Content-Transfer-Encoding: 7bit
Content-Disposition: inline;
filename="threadjam.cpp"
/*
* Thread-creation bug reproducer.
*
* Author: jimrees@itasoftware.com
*
* Starting with nearly any 2.4 kernel, on SMP platforms (both Intel
* and AMD), it appears that newly created threads sometimes get an
* inconsistent view of memory. This program is intended to reproduce
* the problem, but it can sometimes take a while. I have seen
* reproducible failures on 2.4.2, 2.4.5, 2.4.8, 2.4.9, and 2.4.14.
*
* main() starts off by creating 'M' leaf-creator threads, each of
* these rendezvous before starting to fire off children.

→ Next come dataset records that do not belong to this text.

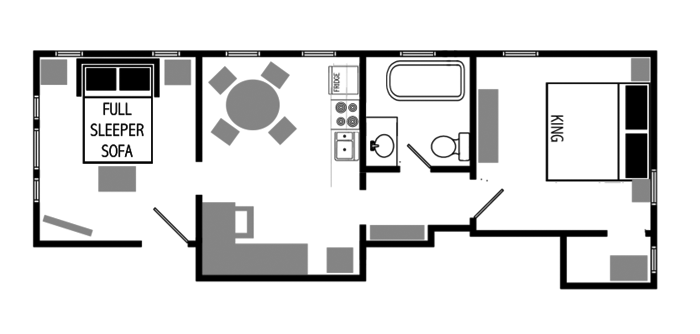 1-bedroom Vacation Rental floor plan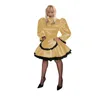 Klänningar casual klänningar franska piga förkläde klänning shinny hög hals långa puff ärmar faux läder sexig lolita söt cosplay uniform outfit vi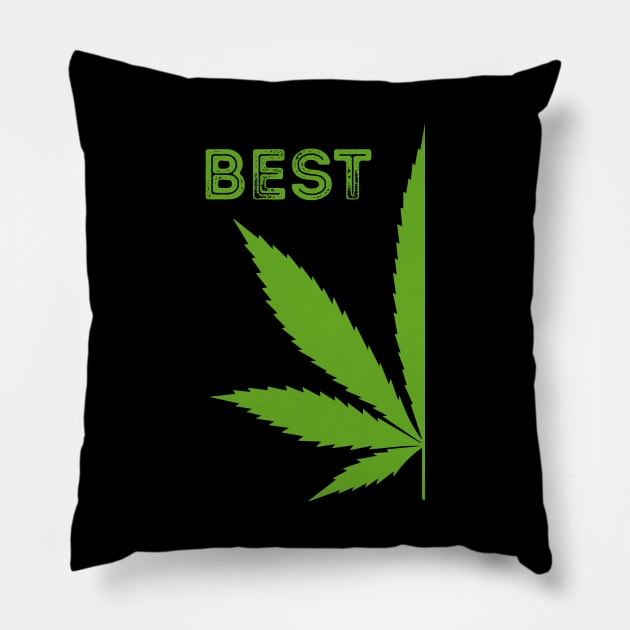 Part 1 Gift for Best Friends - BFF Best Marijuana Leaf Pillow by Panda Pope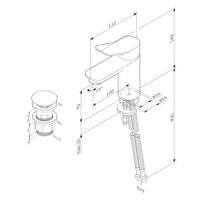 FXA82122 Bad Armatur X-Joy Waschtischarmatur mit Klick-Ablaufgarnitur Wasserhahn, Schwarz ampm-store.de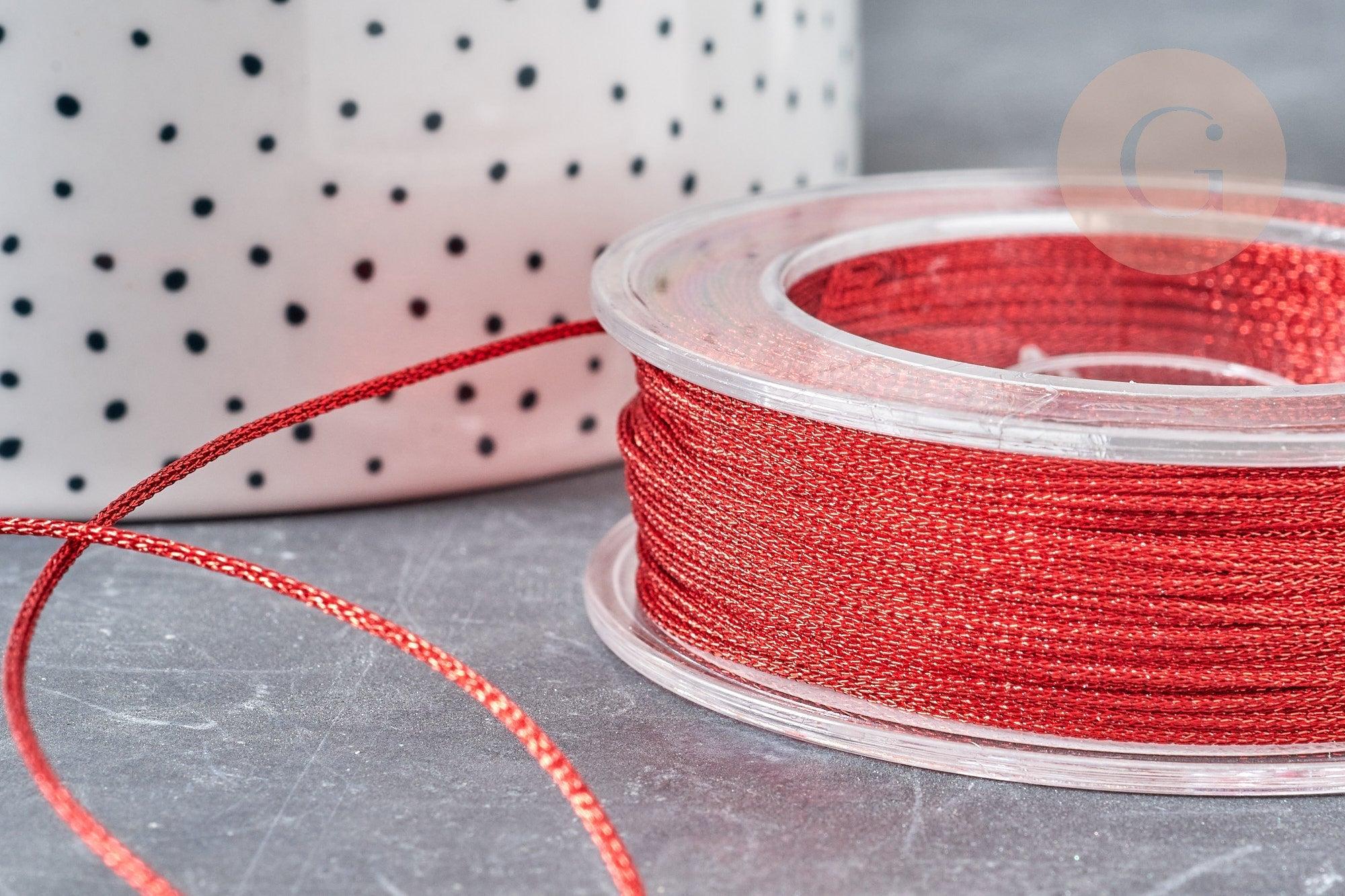 Cordon rouge métalisé tressé cuivre polyester 1mm, x1 mètre (G8175)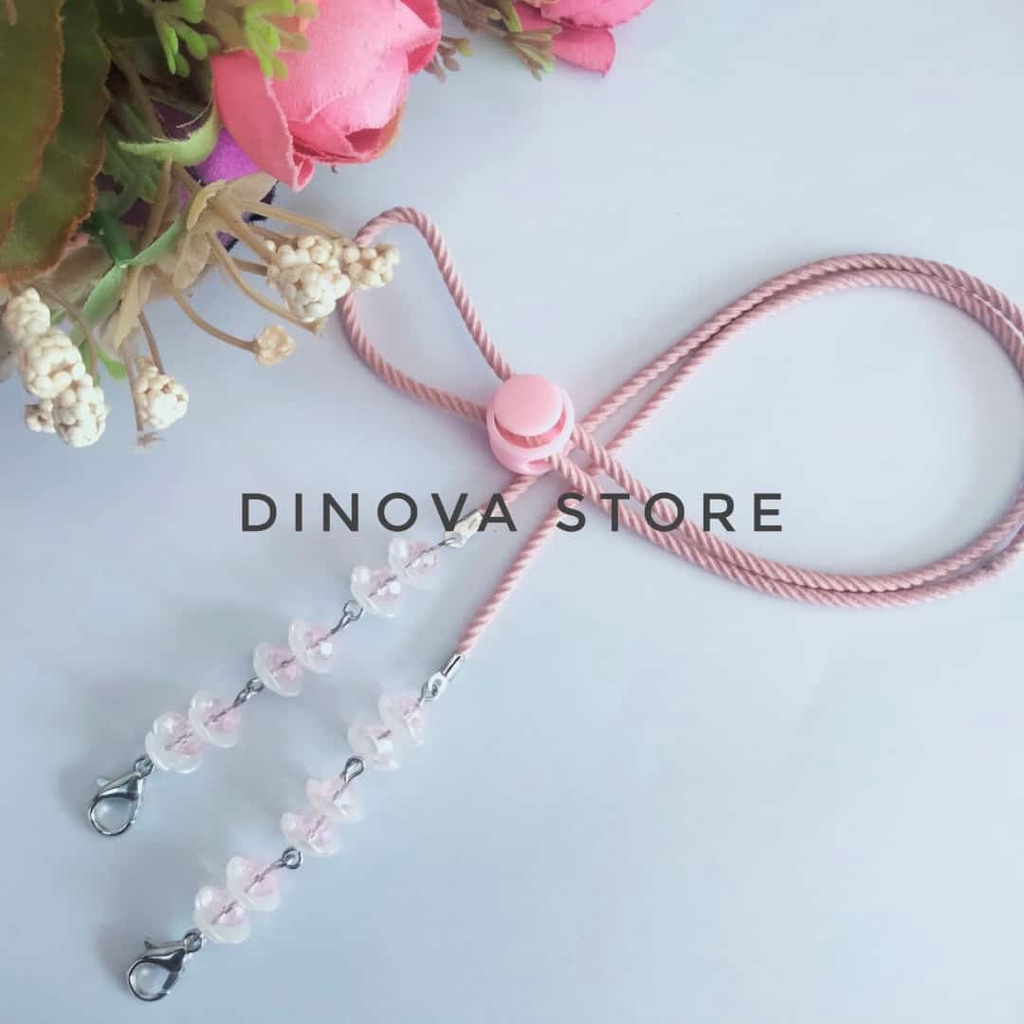 strap masker tali ulir kristal kelopak putih kecil/strap masker hijab/strap mask//dinova store/pgx/tali masker/strap masker hijab 2in1pengait hijab/sambungan masker/tali masker/strap makser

Then each
* leaf-creator fires off 'N' threads, and gives each a pointer to a
* plain data structure where the fourth element must be the sum of
* the first three, and the first three are randomly generated. The
* subthread then 'validates' the structure, complains if the
* condition fails, and exits.
*
* Typical behavior includes segfaults, complaint of failure, and
* complaint of failure followed immediately by segfault. I would
* guess that if a failure can be detected, then there's also a good
* chance the thread that detected the failure has an inconsistent
* view of its own stack -- hence the segfaults. Note that I never
* seen any other running program affected by this behavior, nor have
* I seen any kernel panics/oops or system hangs. The multi-threaded
* program is the only program affected.
*
* With default arguments, the program usually crashes within a few
* seconds, though some cases take longer -- 4 minutes with no crashes
* is probably sufficient to say the bug is fixed.
*
* Usually, I get the crashes quick if nothing else on the system is
* consuming significant CPU time. Though, I have seen crashes happen
* during kernel builds too.
*
* The random sleep variables used are admittedly very crude -- I know
* that the best sleep precision available is 10ms, so most of the
* sleeps below are simply until the next kernel tick -- but the
* reproducer still works fine.
*
* To build the reproducer:
*
* g++ -O threadjam.cpp -lpthread
*/
#include <pthread.h>
#include <stdlib.h> // atoi
#include <unistd.h> // usleep,sleep
#include <iostream> // cout,cerr
#include <fstream> // ifstream
#include <string.h> // strcasecmp
/*
* Parameters:
*
* N -- the split, default to 5
* -- This is the number of leaf-threads created by each primary thread
* per loop pass.
* M -- # leaf-thread creator threads, defaults to 4
*
* SMIN -- min sleep us, defaults to 1000 micro-seconds (1 milli)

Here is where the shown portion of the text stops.